- _Task details_: Only one stretch of lines is wanted: the line with "Napoli - Pdl, il" through the final line of the material. Restate it word for word, minus pictures.

═════ Data

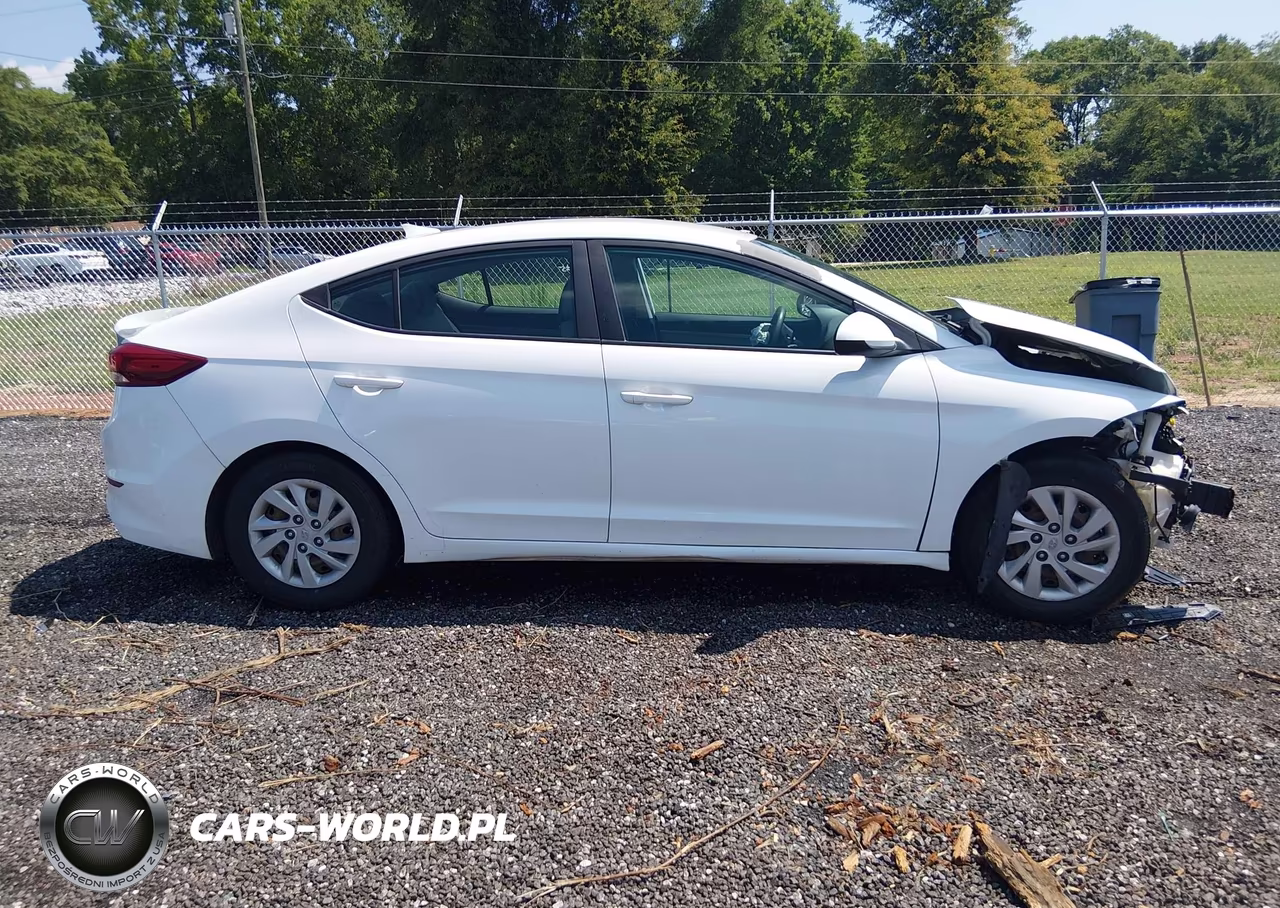2017 Hyundai Elantra Se VIN:5NPD74LF1HH100675 - 14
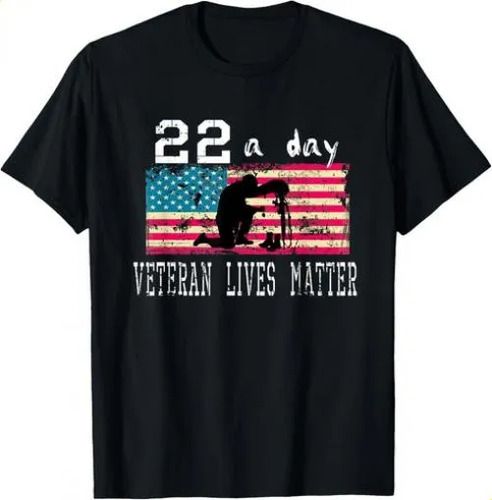 T-shirtt-shirtveteran 2026 Lives Matter Suicide Awareness Ptsd Ve_viptrois.com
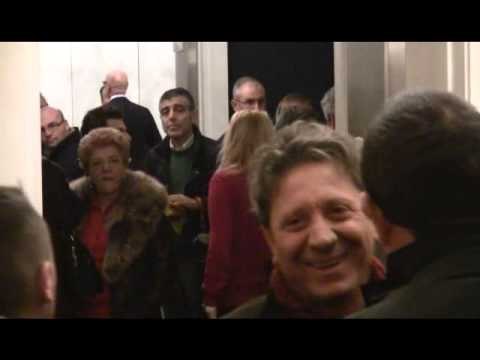 Napoli - Pdl, il dietro le quinte della presentazione delle liste (21.01.13)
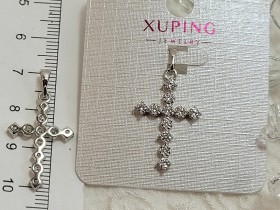 Крестик серебро XUPING H00202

══════════

- _Reply_:
 Napoli - Pdl, il dietro le quinte della presentazione delle liste (21.01.13)
 Крестик серебро XUPING H00202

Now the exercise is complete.